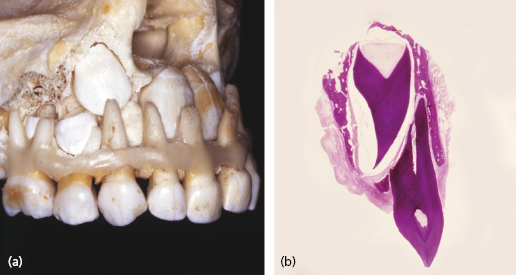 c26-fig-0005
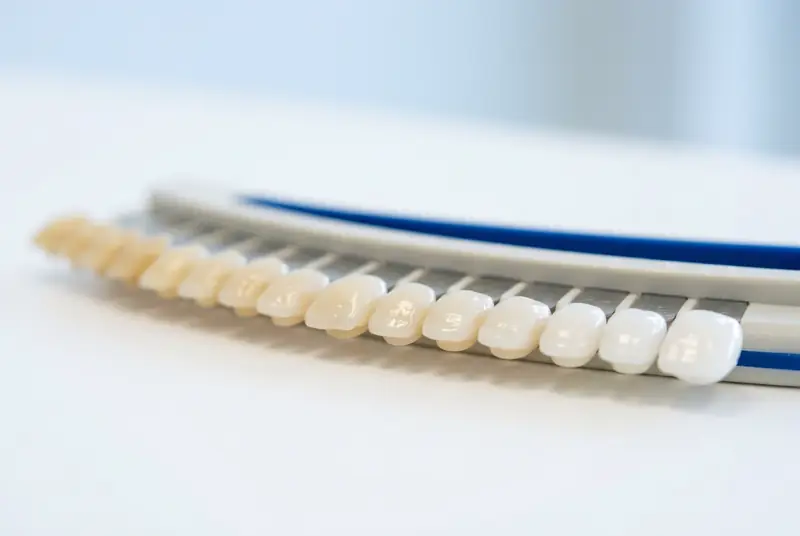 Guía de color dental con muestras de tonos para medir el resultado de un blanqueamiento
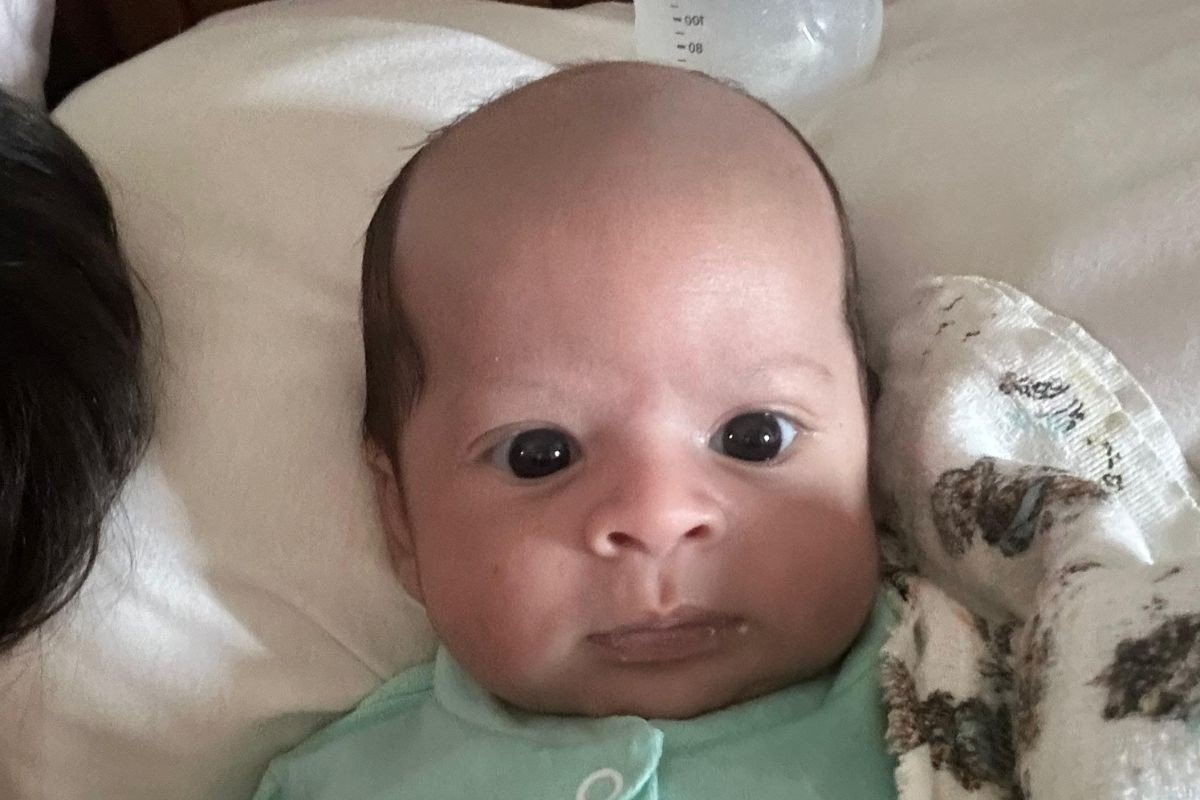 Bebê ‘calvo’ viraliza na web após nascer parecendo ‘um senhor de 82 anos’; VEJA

Activity
Write out the material above exactly; no pictures.

Answer section
 c26-fig-0005
 Guía de color dental con muestras de tonos para medir el resultado de un blanqueamiento
 Bebê ‘calvo’ viraliza na web após nascer parecendo ‘um senhor de 82 anos’; VEJA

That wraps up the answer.